◆ **BRIEF**
From the entries below, copy every line that holds the word "Space".

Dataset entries
==================================================

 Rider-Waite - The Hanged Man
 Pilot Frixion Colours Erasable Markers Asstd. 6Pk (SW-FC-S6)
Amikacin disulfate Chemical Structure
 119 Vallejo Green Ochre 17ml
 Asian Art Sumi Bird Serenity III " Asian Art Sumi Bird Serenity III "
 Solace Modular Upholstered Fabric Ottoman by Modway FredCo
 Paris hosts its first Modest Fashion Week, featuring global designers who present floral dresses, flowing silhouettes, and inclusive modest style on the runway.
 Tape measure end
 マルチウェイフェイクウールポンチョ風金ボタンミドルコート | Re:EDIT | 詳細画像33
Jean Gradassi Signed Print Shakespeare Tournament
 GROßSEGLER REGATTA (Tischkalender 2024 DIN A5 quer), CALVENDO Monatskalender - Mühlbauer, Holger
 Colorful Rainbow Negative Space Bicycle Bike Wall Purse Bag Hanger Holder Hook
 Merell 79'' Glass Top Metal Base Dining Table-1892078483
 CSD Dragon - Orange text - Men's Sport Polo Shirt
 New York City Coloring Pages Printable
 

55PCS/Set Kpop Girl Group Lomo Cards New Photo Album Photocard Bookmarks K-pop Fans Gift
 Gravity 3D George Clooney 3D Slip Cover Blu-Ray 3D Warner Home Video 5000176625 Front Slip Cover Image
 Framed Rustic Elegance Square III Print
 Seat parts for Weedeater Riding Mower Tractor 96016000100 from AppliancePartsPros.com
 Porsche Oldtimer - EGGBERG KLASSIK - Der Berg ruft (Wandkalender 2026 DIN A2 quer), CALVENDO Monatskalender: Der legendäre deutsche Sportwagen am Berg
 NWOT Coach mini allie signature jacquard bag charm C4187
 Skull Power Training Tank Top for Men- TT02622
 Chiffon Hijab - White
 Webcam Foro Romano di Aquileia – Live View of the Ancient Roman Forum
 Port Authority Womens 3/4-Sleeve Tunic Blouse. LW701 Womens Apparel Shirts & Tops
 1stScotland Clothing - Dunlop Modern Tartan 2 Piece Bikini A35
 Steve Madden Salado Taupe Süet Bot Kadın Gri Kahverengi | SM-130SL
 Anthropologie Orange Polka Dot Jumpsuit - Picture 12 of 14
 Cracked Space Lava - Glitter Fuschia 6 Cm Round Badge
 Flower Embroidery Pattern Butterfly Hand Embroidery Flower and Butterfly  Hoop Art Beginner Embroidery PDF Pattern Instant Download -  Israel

==================================================

◆ **SOLVED PROBLEM**
 Colorful Rainbow Negative Space Bicycle Bike Wall Purse Bag Hanger Holder Hook
 Cracked Space Lava - Glitter Fuschia 6 Cm Round Badge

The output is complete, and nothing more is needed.